Dear friend, look upon me with an earnest but kind glance! All
the ills that have happened to me were the natural and necessary
consequences of the discord of my own being. The power which is
mine is quite unyielding and indivisible. By its nature it takes
violent revenge when I try to turn or divide it by external
force. To be wholly what I can be, and therefore, no doubt,
should be, is only possible for me if I renounce all those
external things which I could gain by dint of the aforesaid
external force. That force would always make me fritter away my
genuine power, would always conjure up the same evils. In all I
do and think I am only artist, nothing but artist. If I am to
throw myself into our modern publicity, I cannot conquer it as an
artist, and God preserve me from dealing with it as a politician.
Poor and without means for bare life, without goods or heritage,
as I am, I should be compelled to think only of acquisition; but
I have learnt nothing but my art, and that I cannot possibly use
for the purpose of acquiring nowadays; I cannot seek publicity,
and my artistic salvation could be brought about one day only by
publicity seeking me. The publicity for which alone I can work is
a small nucleus of individuals who constitute my whole publicity
at present.

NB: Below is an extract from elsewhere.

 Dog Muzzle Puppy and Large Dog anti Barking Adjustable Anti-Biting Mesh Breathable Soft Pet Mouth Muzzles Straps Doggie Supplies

To these individuals, therefore, I must turn, and put
the question to them whether they love me and my art-work
sufficiently to make it possible for me, as far as in them lies,
to be myself, and to develop my activity without disturbance.
These individuals are not many, and they live far from each
other, but the character of their sympathy is an energetic one.
Dear friend, the question with me is bare life. You have opened
Paris to me, and I most certainly do not refuse it; but what I
have to choose and to design for that place cannot be chosen and
designed in a moment; I must there be some one else and yet
necessarily remain the same. All my numerous sketches are adapted
only to treatment by myself, and in the German language. Subjects
which I should have been prepared to execute for Paris (such as
"Jesus of Nazareth") turn out to be impossible for manifold
reasons when I come to consider closely the practical bearings of
the thing, and I must therefore have time and leisure to wait for
inspiration, which I can expect only from some remote region of
my nature. On the other hand, the poem of my "Siegfried" lies
before me. After not having composed a note for two years, my
whole artistic man is impelled towards writing the music for it.
What I could possibly hope for from a Paris success would not
even be able to keep me alive; for, without being thoroughly
dishonest, I should have to hand it over to my creditors.

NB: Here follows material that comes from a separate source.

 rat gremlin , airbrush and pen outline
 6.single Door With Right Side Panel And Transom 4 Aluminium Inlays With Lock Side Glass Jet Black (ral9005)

The question, then, is, How and whence shall I get enough to
live? Is my finished work "Lohengrin" worth nothing? Is the opera
which I am longing to complete worth nothing? It is true that to
the present generation and to publicity as it is these must
appear as a useless luxury. But how about the few who love these
works? Should not they be allowed to offer to the poor suffering
creator--not a remuneration, but the bare possibility of
continuing to create?

To the tradesmen I cannot apply, nor to the existing nobility--
not to human princes, but to princely men. To work my best, my
inmost salvation, I am not in a position to rely on merit, but on
grace. If we few in this villainous trading age are not gracious
towards each other, how can we live in the name and for the
honour of art?

Dear friend, you, I believe, are the only one on whom I can
implicitly rely. Do not be frightened! I have tried to relieve
you of the burden of this exclusive reliance; I have turned
elsewhere, but in vain. From H. B., about whom you wrote to me, I
have heard nothing, and am glad from my heart that I have not.
Dear Liszt, let us leave the TRADESMEN alone once for all. They
are human and even love art, but only as far as BUSINESS will
allow.

Tell me; advise me! Hitherto my wife and I have kept ourselves
alive by the help of a friend here. By the end of this month of
October our last florins will be gone, and a wide, beautiful
world lies before me, in which I have nothing to eat, nothing to
warm myself with. Think of what you can do for me, dear, princely
man! Let some one buy my "Lohengrin," skin and bones; let some
one commission my "Siegfried." I will do it cheaply! Leaving our
old plan of a confederation of princes out of the question, can
you not find some other individuals who would join together to
help me, if YOU were to ask them in the proper manner? Shall I
put in the newspaper "I have nothing to live on; let him who
loves me give me something"? I cannot do it because of my wife;
she would die of shame. Oh the trouble it is to find a place in
the world for a man like me! If nothing else will answer, you
might perhaps give a concert "for an artist in distress."
Consider everything, dear Liszt, and before all manage to send me
soon some--some money. I want firewood, and a warm overcoat,
because my wife has not brought my old one on account of its
shabbiness. Consider!

From Belloni I soon expect an invitation to Paris, so as to get
my "Tannhauser" overture performed at the Conservatoire, to begin
with. Well, dear friend, give one of your much-occupied days to
the serious and sympathetic consideration of what you might do
for me. Your loving nature, free from all prejudice and only
occupied with the artist in me, will suggest to you a great work
of love which will be my salvation. Believe me, I speak sincerely
and openly; believe me that in you lies my only hope.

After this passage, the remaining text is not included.